• _Data to use_:

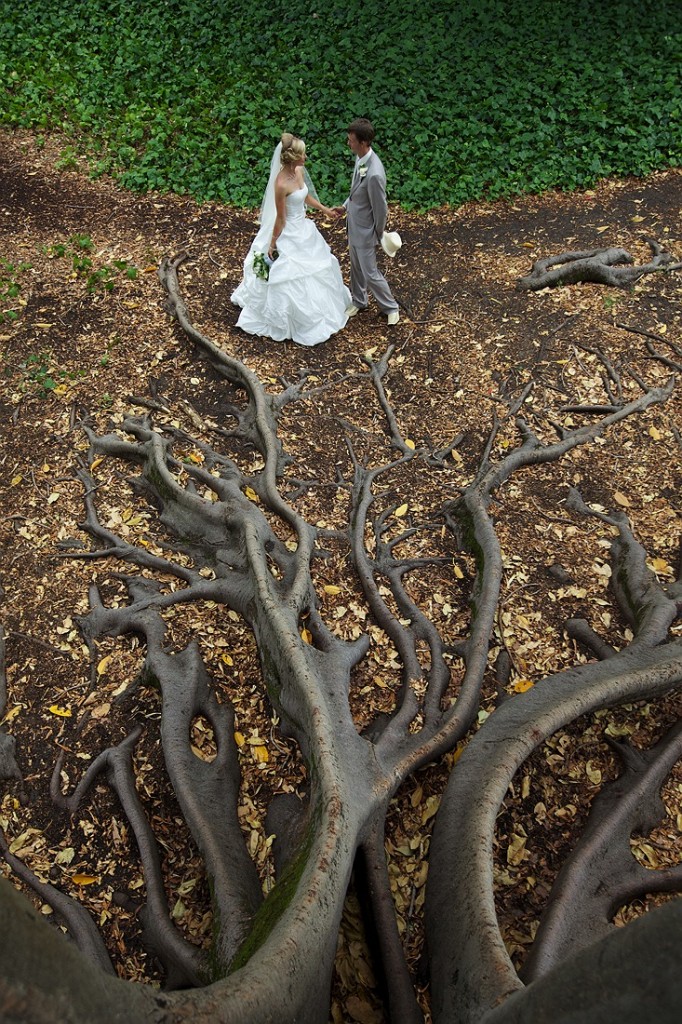 Rob Dose Gallery of my Favourite Wedding Photographs – Rob Dose, Landscape and ...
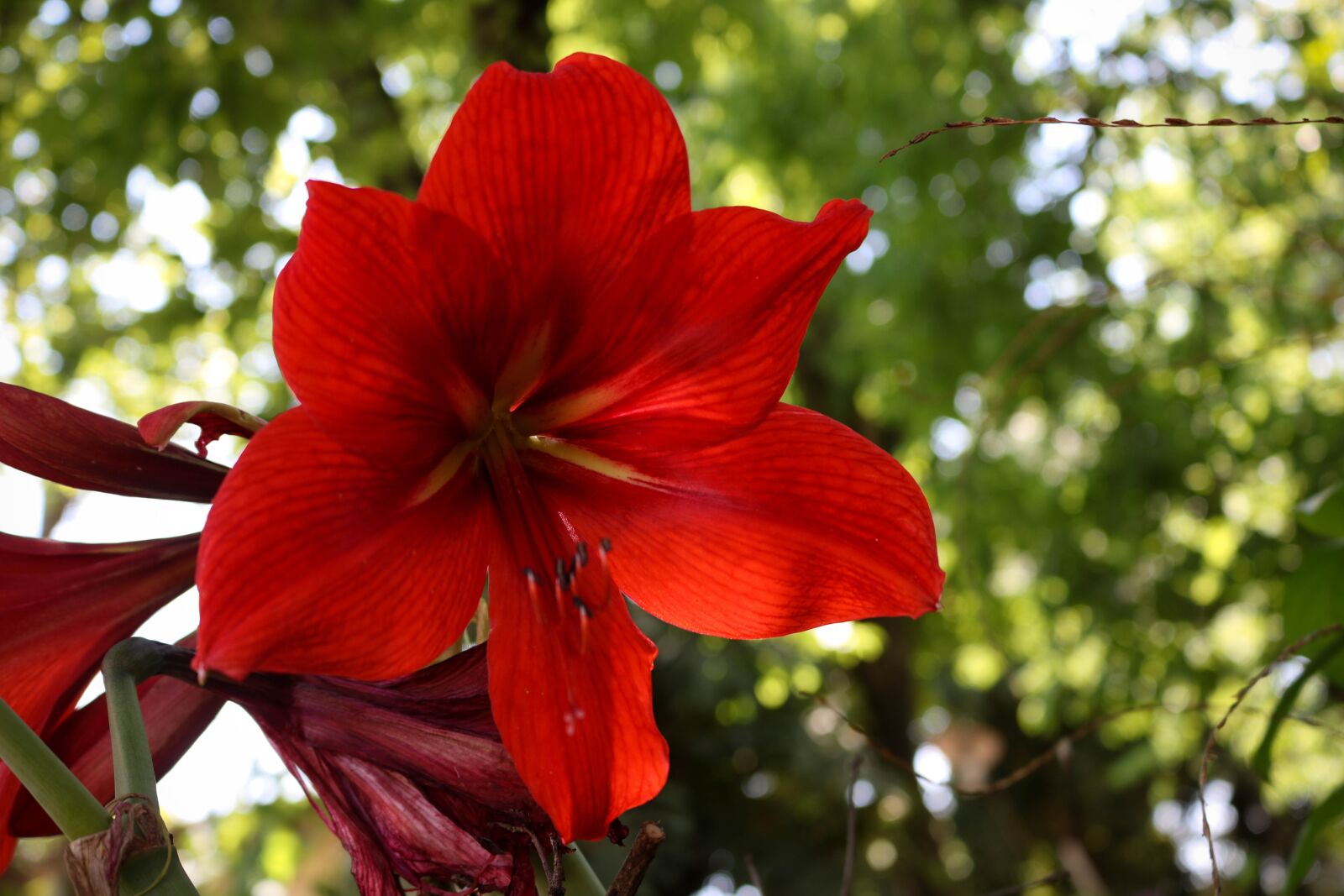 Canon EOS 750D (EOS Rebel T6i / EOS Kiss X8i) sample photo. Flower, network, nature photography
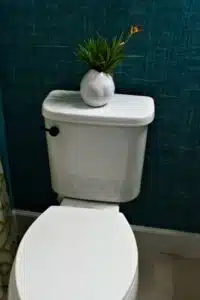 High-efficiency toilets, Plumbing Retrofitting.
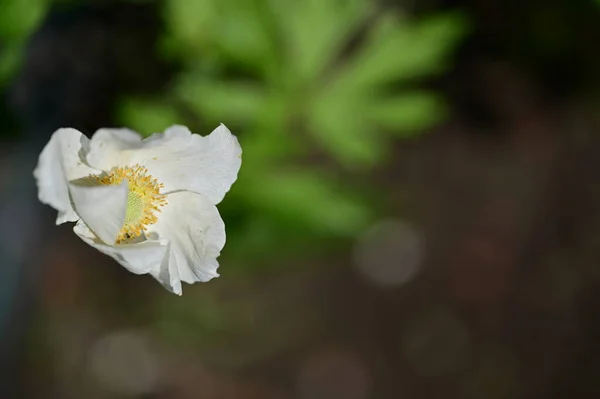 Όμορφο Λουλούδι Που Αναπτύσσεται Στον Κήπο Την Άνοιξη — Φωτογραφία Αρχείου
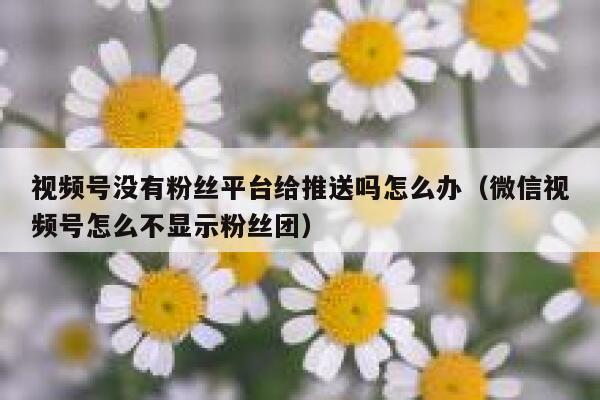 视频号没有粉丝平台给推送吗怎么办（微信视频号怎么不显示粉丝团） 第1张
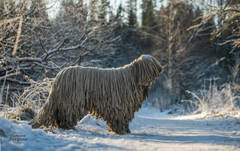 http://upforme.ru/uploads/000b/7f/58/29/t593206.jpg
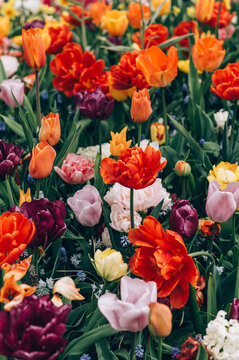 Colorful mix tulips in spring bloom. Field of multicolored tulips in full bloom, bright spring atmosphere. Vibrant floral background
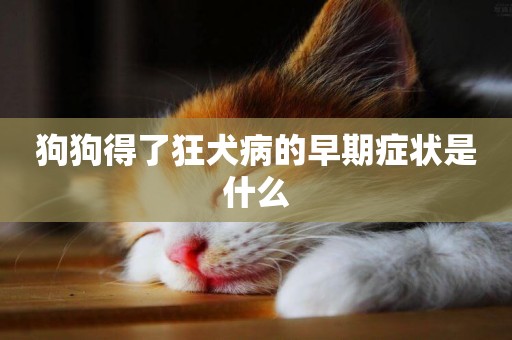 狗狗得了狂犬病的早期癥狀是什么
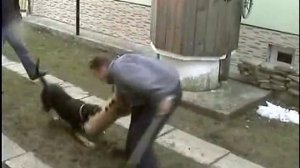 Психика КА-ДЕ-БО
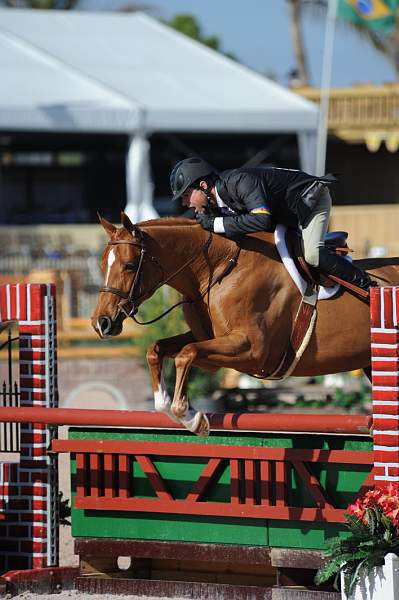 AHJF-2-11-09-750-Sunshine-PeterPletcher-1stYrA-DDeRosaPhoto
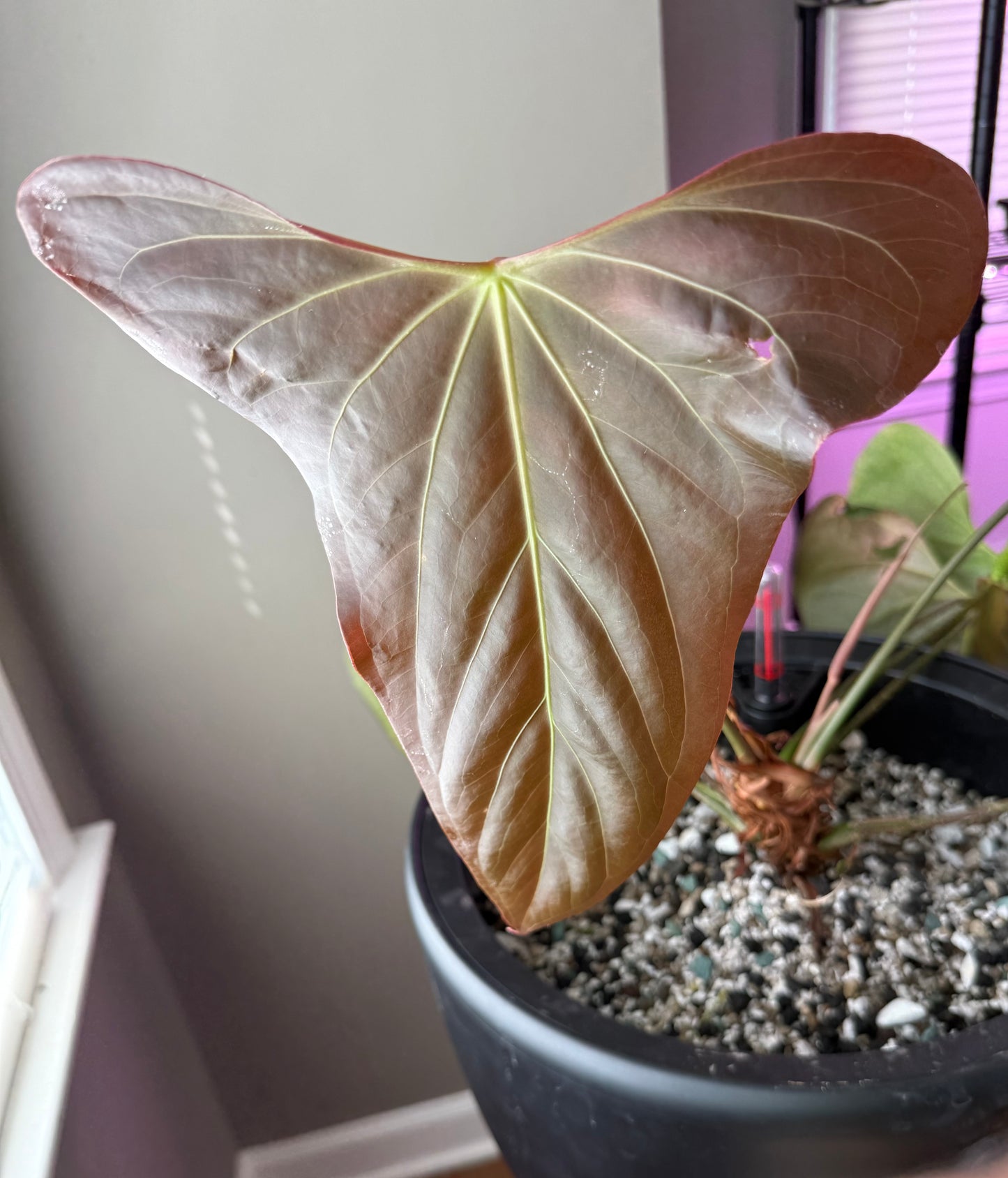Anthurium Dagger Port-Select A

• _Work to complete_: Would you give the records again exactly, dropping the pictures?

• _Solution_:
 Rob Dose Gallery of my Favourite Wedding Photographs – Rob Dose, Landscape and ...
 Canon EOS 750D (EOS Rebel T6i / EOS Kiss X8i) sample photo. Flower, network, nature photography
 High-efficiency toilets, Plumbing Retrofitting.
 Όμορφο Λουλούδι Που Αναπτύσσεται Στον Κήπο Την Άνοιξη — Φωτογραφία Αρχείου
 视频号没有粉丝平台给推送吗怎么办（微信视频号怎么不显示粉丝团） 第1张
 http://upforme.ru/uploads/000b/7f/58/29/t593206.jpg
 Colorful mix tulips in spring bloom. Field of multicolored tulips in full bloom, bright spring atmosphere. Vibrant floral background
 狗狗得了狂犬病的早期癥狀是什么
 Психика КА-ДЕ-БО
 AHJF-2-11-09-750-Sunshine-PeterPletcher-1stYrA-DDeRosaPhoto
Anthurium Dagger Port-Select A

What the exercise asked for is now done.